Blacked out Wikipedia page

Breathe again students, relax fact-checking journalists, Wikipedia is working once more - so let's step back and evaluate Wednesday's blackout. Did the dramatic gesture made by the online encyclopaedia and other websites really change anything?

And before we get started - yes, I know we should not rely on Wikipedia as an unimpeachable source so please take my first few words with a pinch of salt. And I also know that it was easy enough to get round the blackout if you wanted, but that's really not the point.

The aim of the gesture was to raise the profile of the debate about America's proposed anti-piracy laws, Sopa and Pipa, and to try to change the terms of that debate. And it looks this morning as though the blackout succeeded on both counts.
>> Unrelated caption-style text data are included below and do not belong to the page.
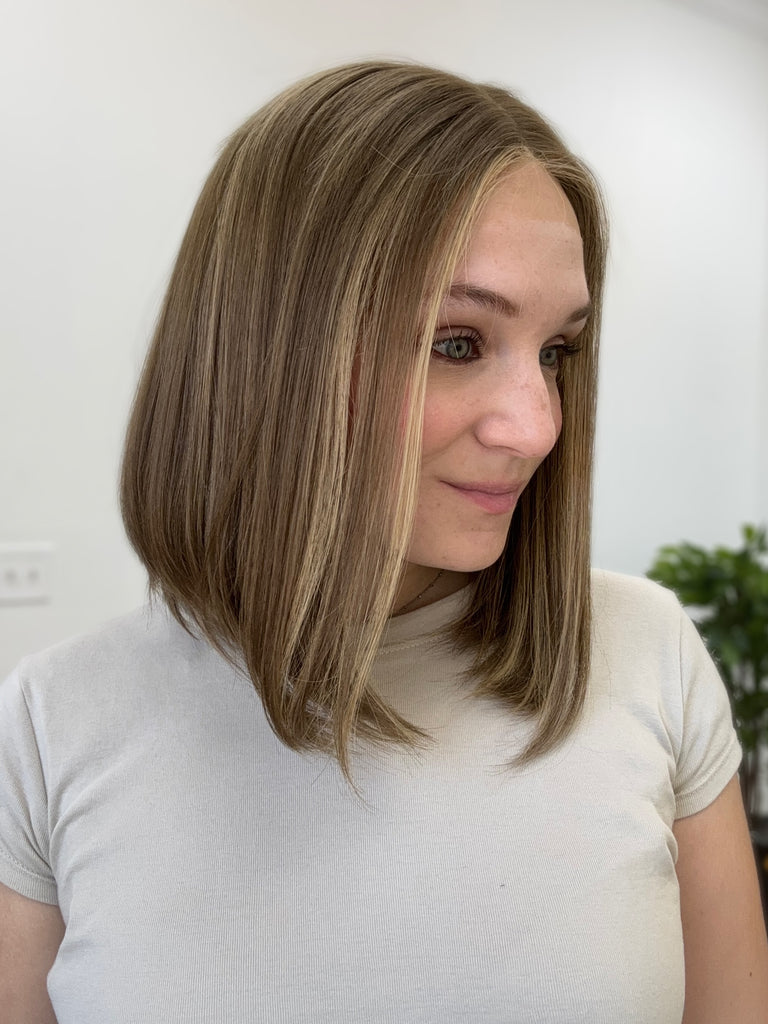  lace top human hair wig - blonde human hair wig - lace top wigs for women - breathable human hair wigs - affordable natural hair wigs - full coverage human hair wigs
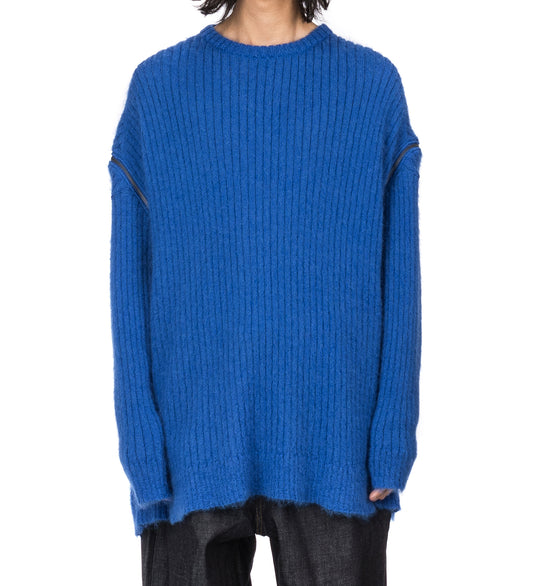 ZIPPER KNIT BLUE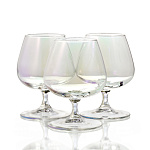   ГХСЗ RNLD1812 Набор 3 БОКАЛОВ ДЛЯ БРЕНДИ ЭТАЛОН 410мл  "РИФЛЕНКА" ЛИЛОВАЯ ДЫМКА-11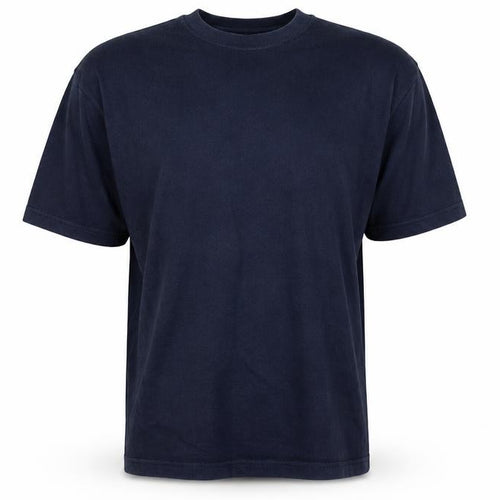 The Real McCarthy Men's Blue Cotton Crew Neck T-Shirt Size L
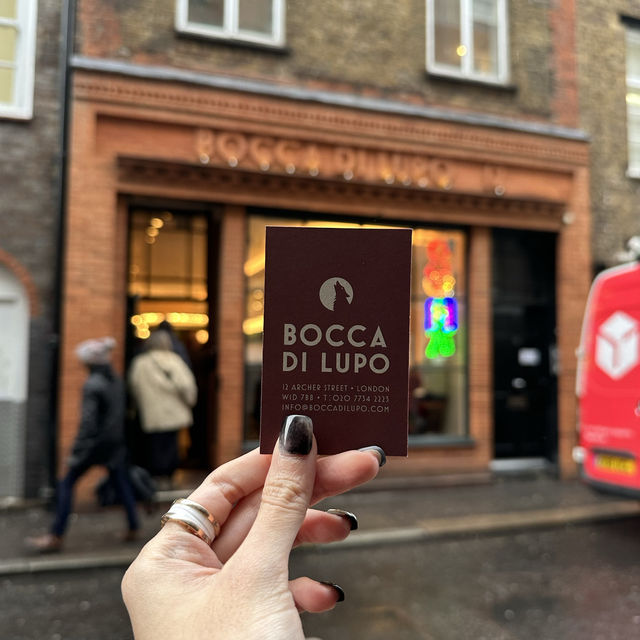 Bocca Di Lupo - Italian food worth the money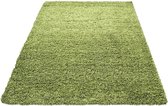 Shaggy Tapijt 50 mm poolhoogte groene kleur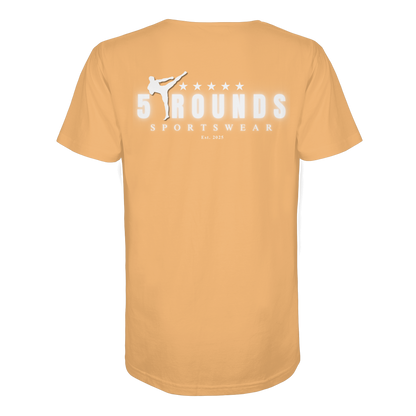 5 ROUNDS Logo Weis  - Organic Shirt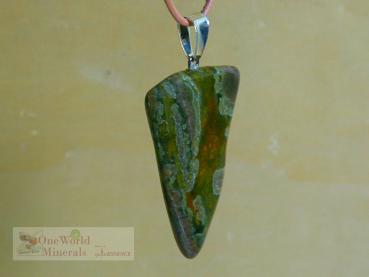 Preview: Rhyolith Australien mit Silberöse, Einzelstück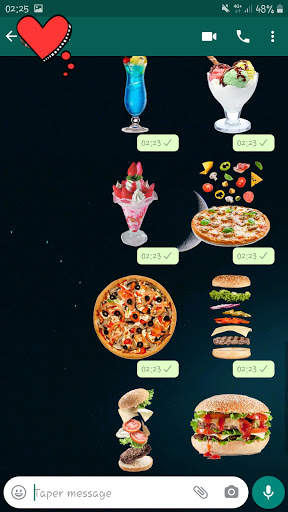 Food Stickers For WhatsApp (WAStickers) screenshot 2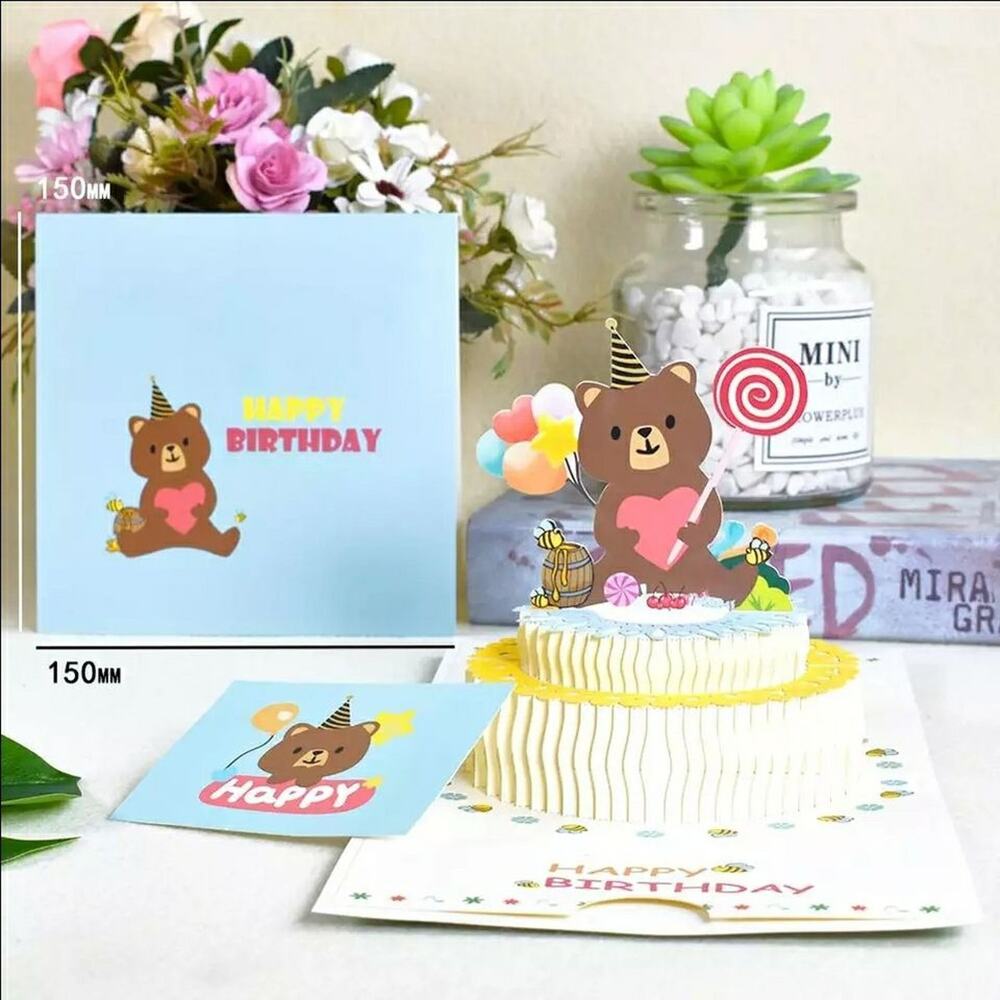 Bundle of 5 Unique 3D Pop Up Birthday Cards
The Wikimedia Foundation, the organisation behind the site, reported this morning that 162 million people had "experienced the Wikipedia blackout landing page" in the space of 24 hours.

Perhaps more significantly, eight million people in the United States looked up their congressional representatives through Wikipedia and, it is claimed, went on to protest about Sopa and Pipa. Wikipedia paints a picture of jammed switchboards at Capitol Hill and servers buckling under the weight of email from protestors.

Now this kind of internet protest is easier to organise than getting thousands of people onto the streets to demonstrate - and often has even less effect on the course of legislation. But this time it does seem to have worked.

One prominent Republican backer of the new laws, Senator Marco Rubio, announced on Twitter "After hearing from people with legit concerns, have withdraw support for #Pipa. Let's take time to do it right." And when the BBC in Washington tried to find voices on Capitol Hill willing to be interviewed in support of the legislation, nobody returned the calls.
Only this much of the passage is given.